### Exercise goal
Exclude all pictures, and reproduce exactly the lines from the one containing "Imagem de satélite" through the end of the records, with nothing else added.

[Start of section]

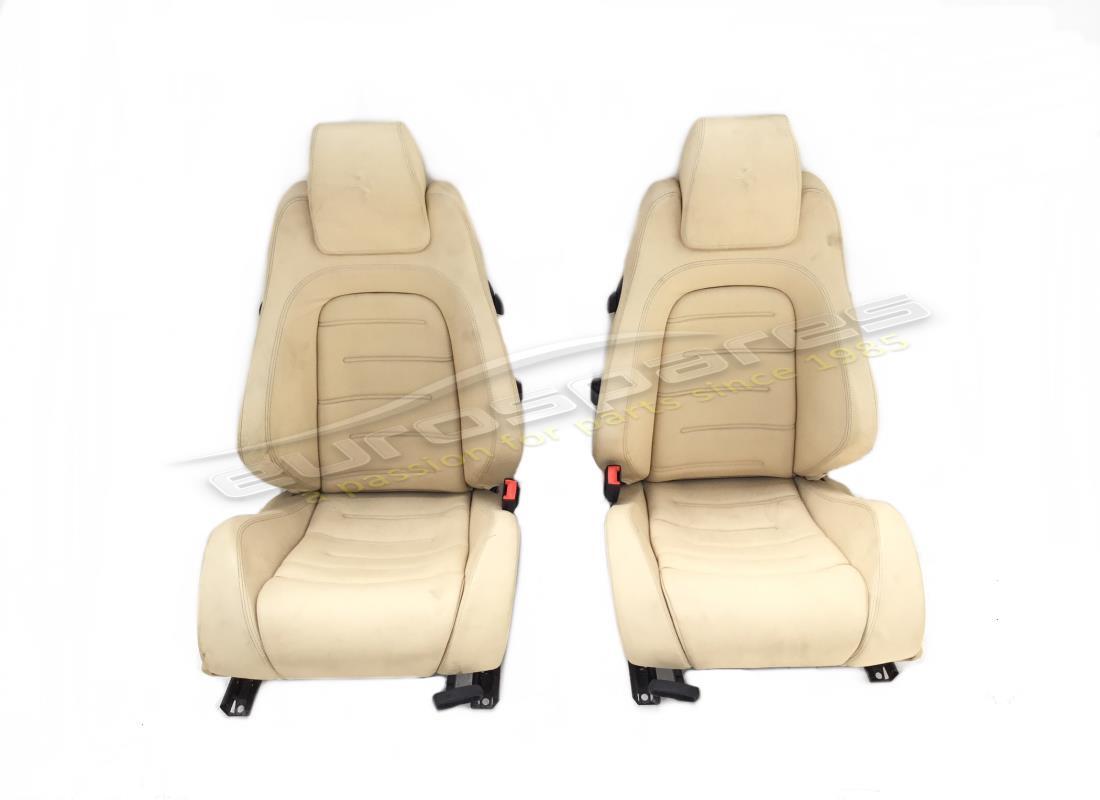 USED Ferrari PAIR OF SEATS IN CREAM . PART NUMBER 689998000 (1)
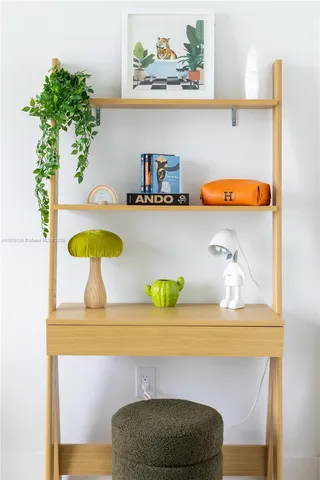 $9,000 | 159 Northeast 6th Street, Unit 3615, Miami, FL 33132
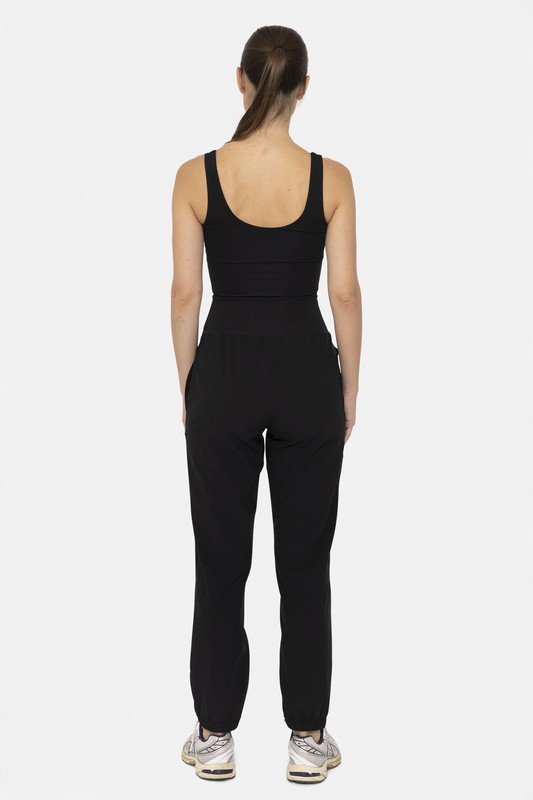 KEYHOLE CUTOUT JUMPSUIT
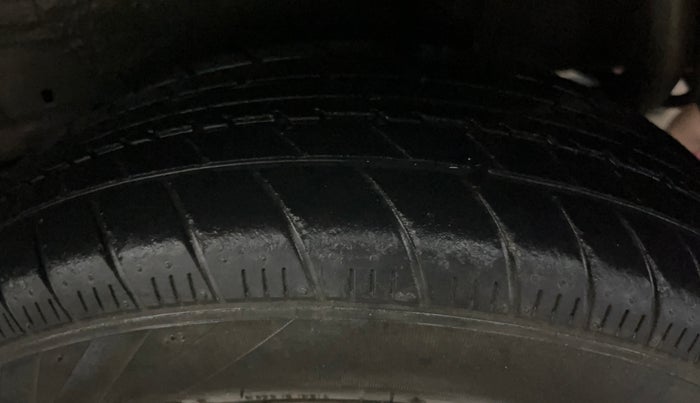 2018 Maruti Celerio LXI, Petrol, Manual, 76,803 km, Left Rear Tyre Tread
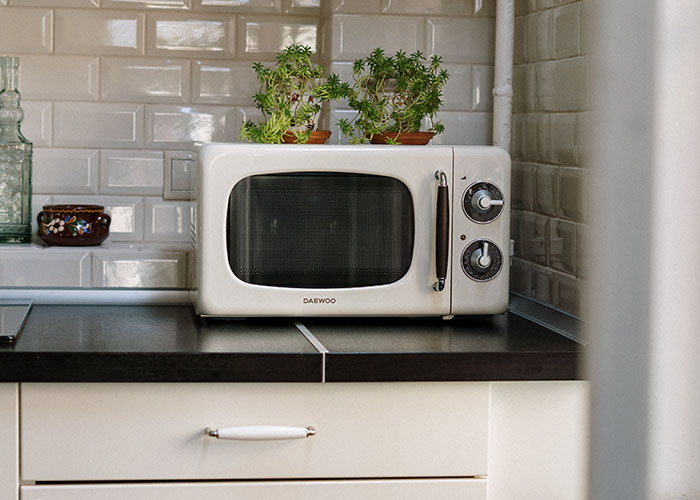30 People Reveal What Things They Do In Their Kitchen That They Keep A Secret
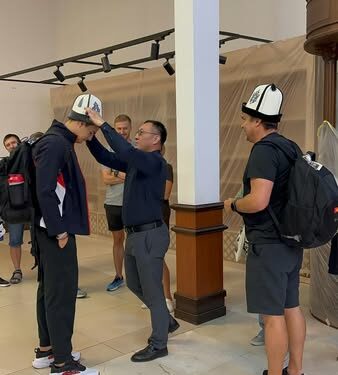 Денис Петрашов дүйнө чемпионатынан Кыргызстанга кайтып келди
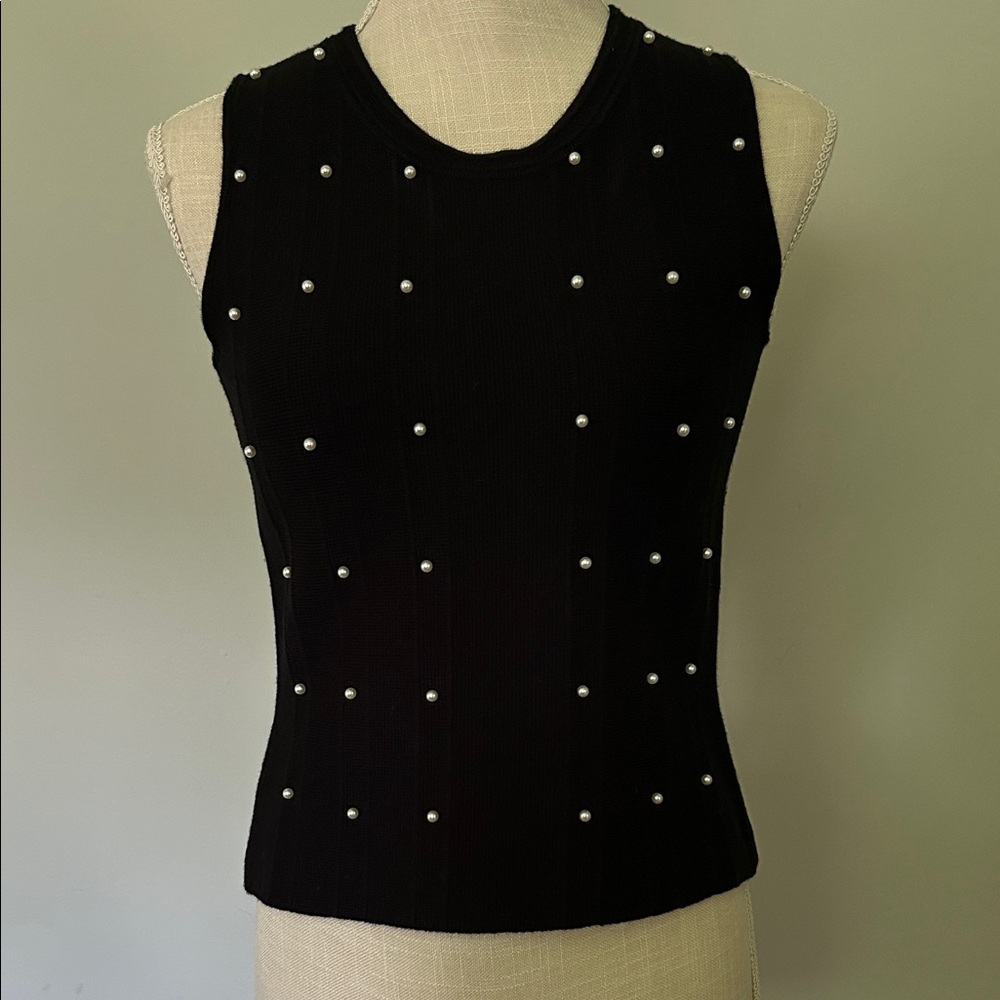 NWT Tahari Black Sleeveless Sweater Top /Vest with Pearl Details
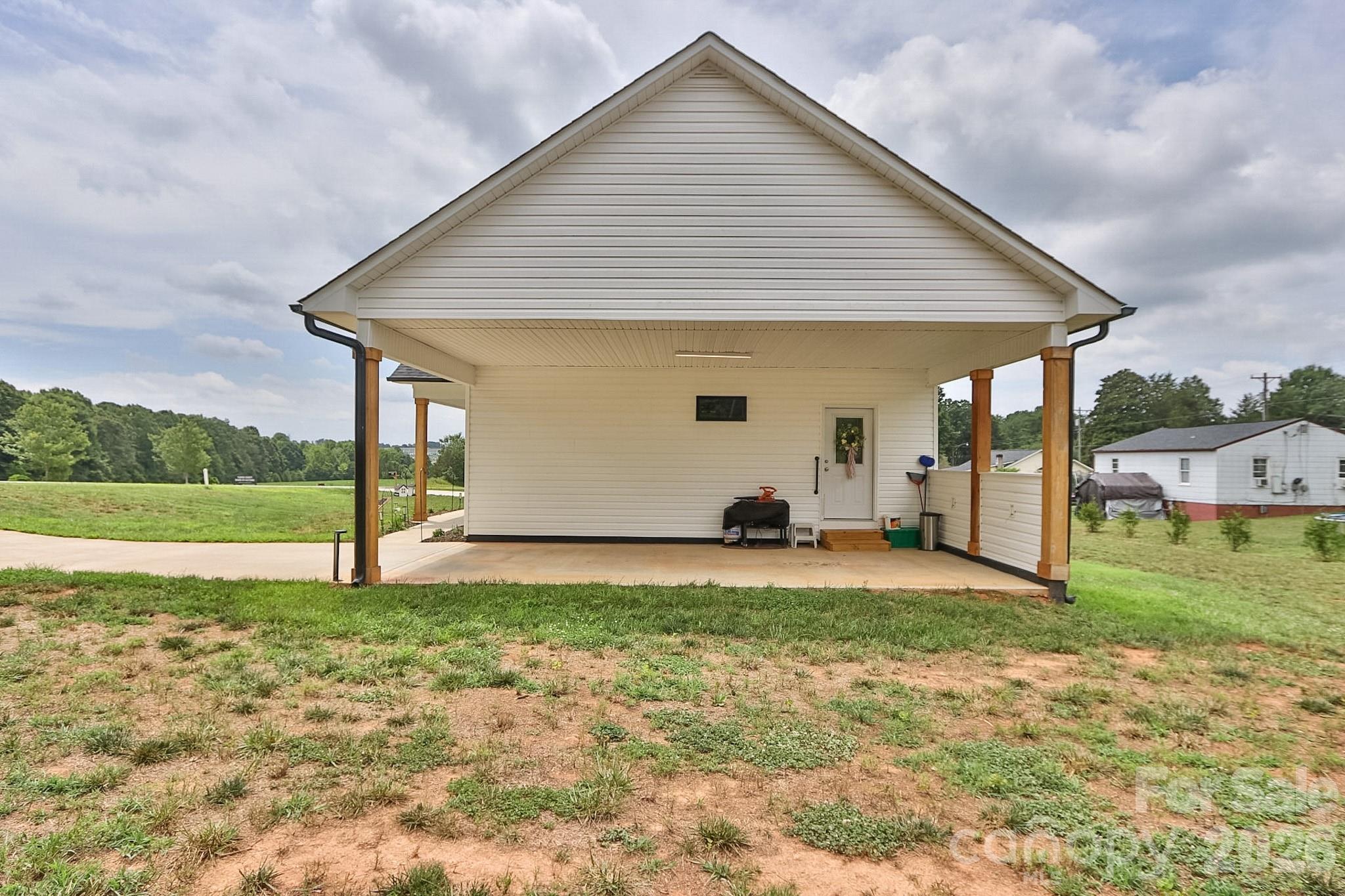 1307 Unifi Industrial Drive — Yadkinville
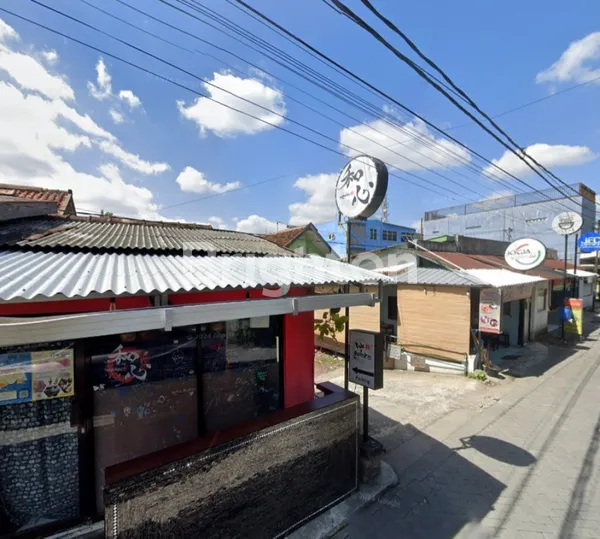 RUANG USAHA KOMERSIL DEKAT MC DONALD JALAN KALIURANG MLATI JOGJA SLEMAN DI YOGYAKARTA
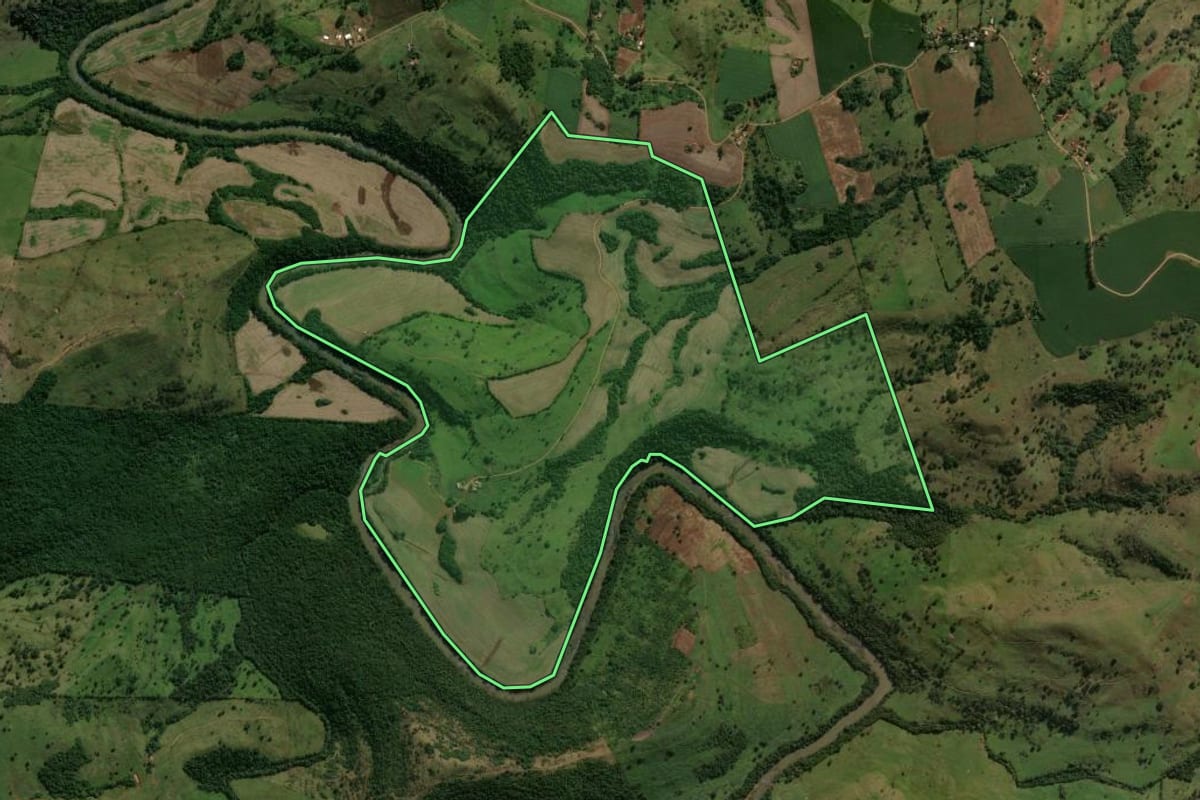 Imagem de satélite do imóvel rural em Arapuã (PR), com o contorno declarado no CAR desenhado por cima.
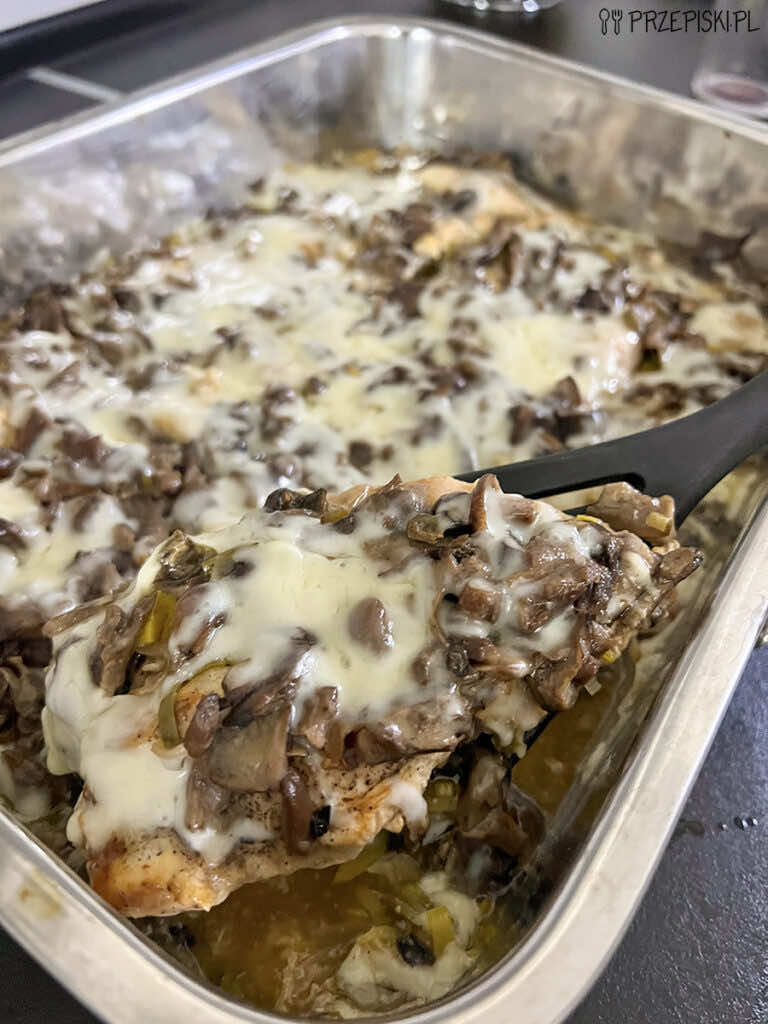 Kurczak zapiekany z grzybami i porem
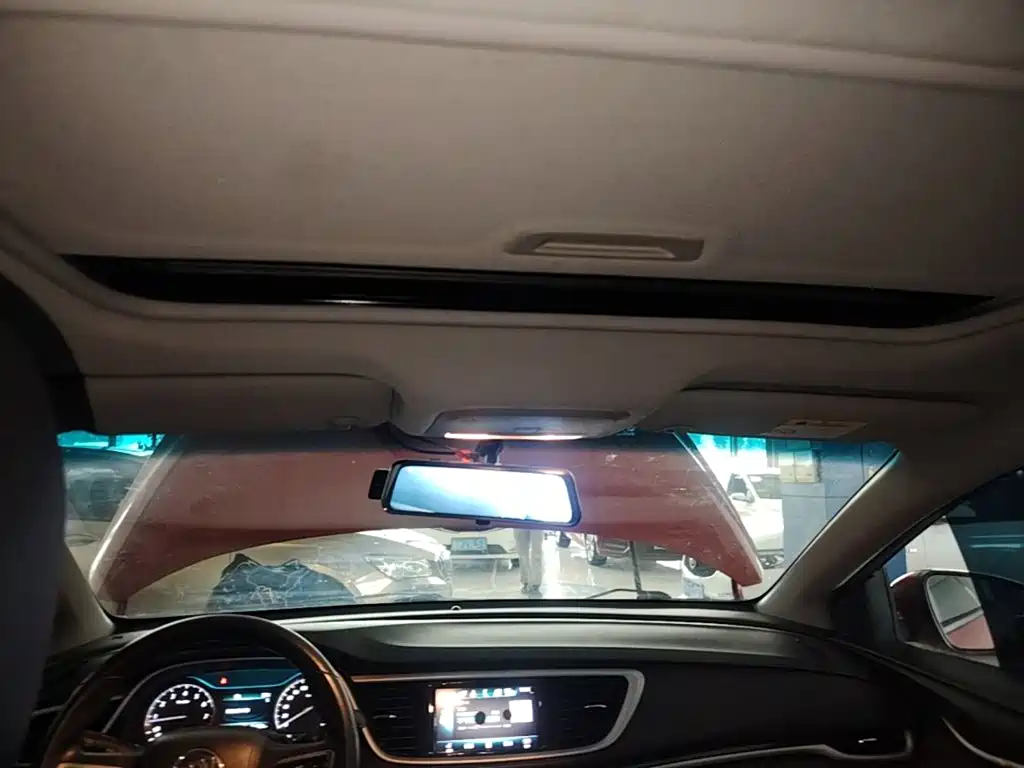 Photo 18 - Buick Excelle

[End of section]

### Answer for the task
 Imagem de satélite do imóvel rural em Arapuã (PR), com o contorno declarado no CAR desenhado por cima.
 Kurczak zapiekany z grzybami i porem
 Photo 18 - Buick Excelle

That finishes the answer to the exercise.